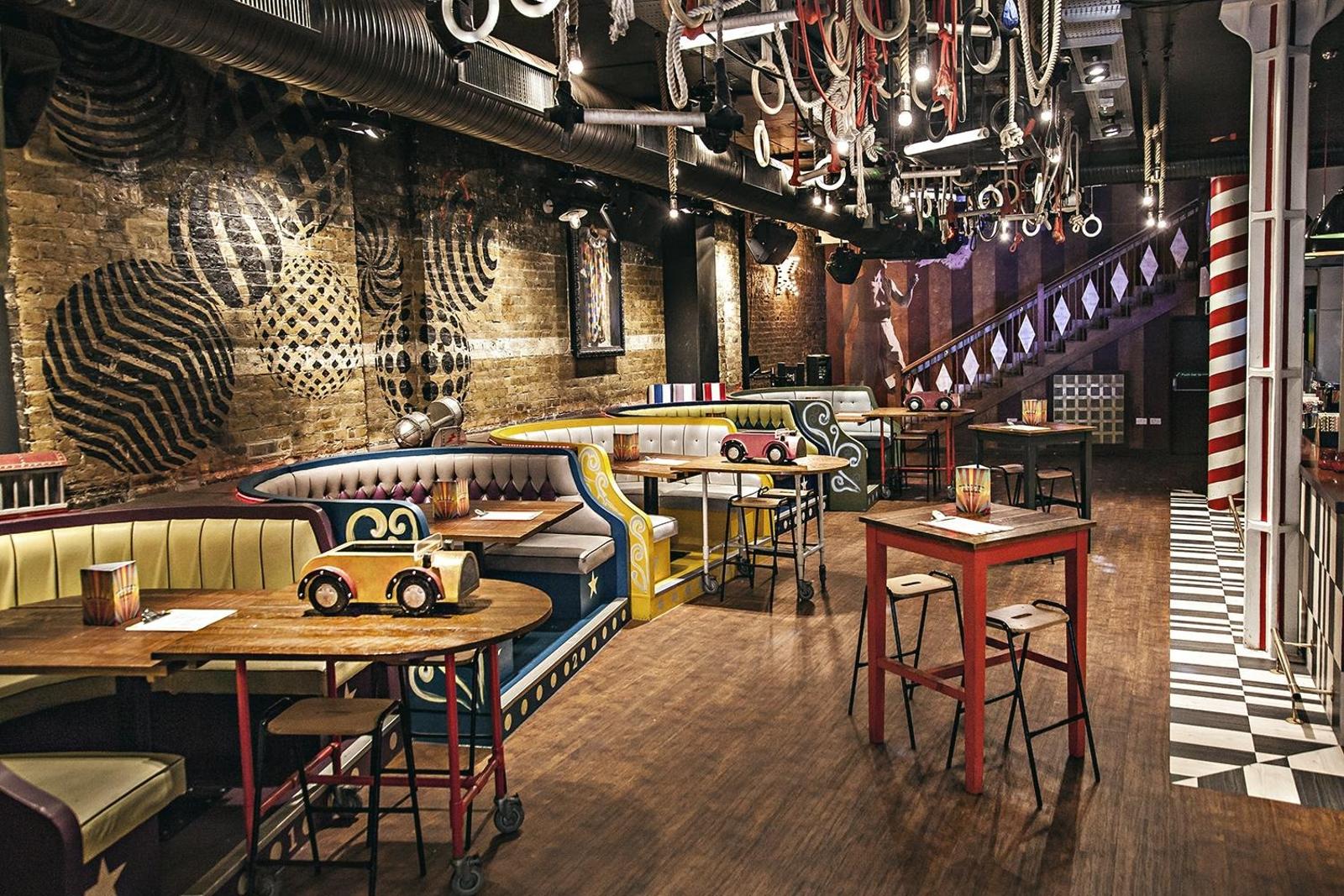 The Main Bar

########################################

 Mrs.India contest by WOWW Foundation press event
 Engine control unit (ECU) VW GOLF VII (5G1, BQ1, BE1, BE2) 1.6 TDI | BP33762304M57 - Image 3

########################################

PROBLEM DETAILS »
Return a word-for-word copy of the lines above from the one holding "Mrs.India contest by" through the one holding "Engine control unit", with both of them included and nothing besides.

SOLUTION BELOW »
 Mrs.India contest by WOWW Foundation press event
 Engine control unit (ECU) VW GOLF VII (5G1, BQ1, BE1, BE2) 1.6 TDI | BP33762304M57 - Image 3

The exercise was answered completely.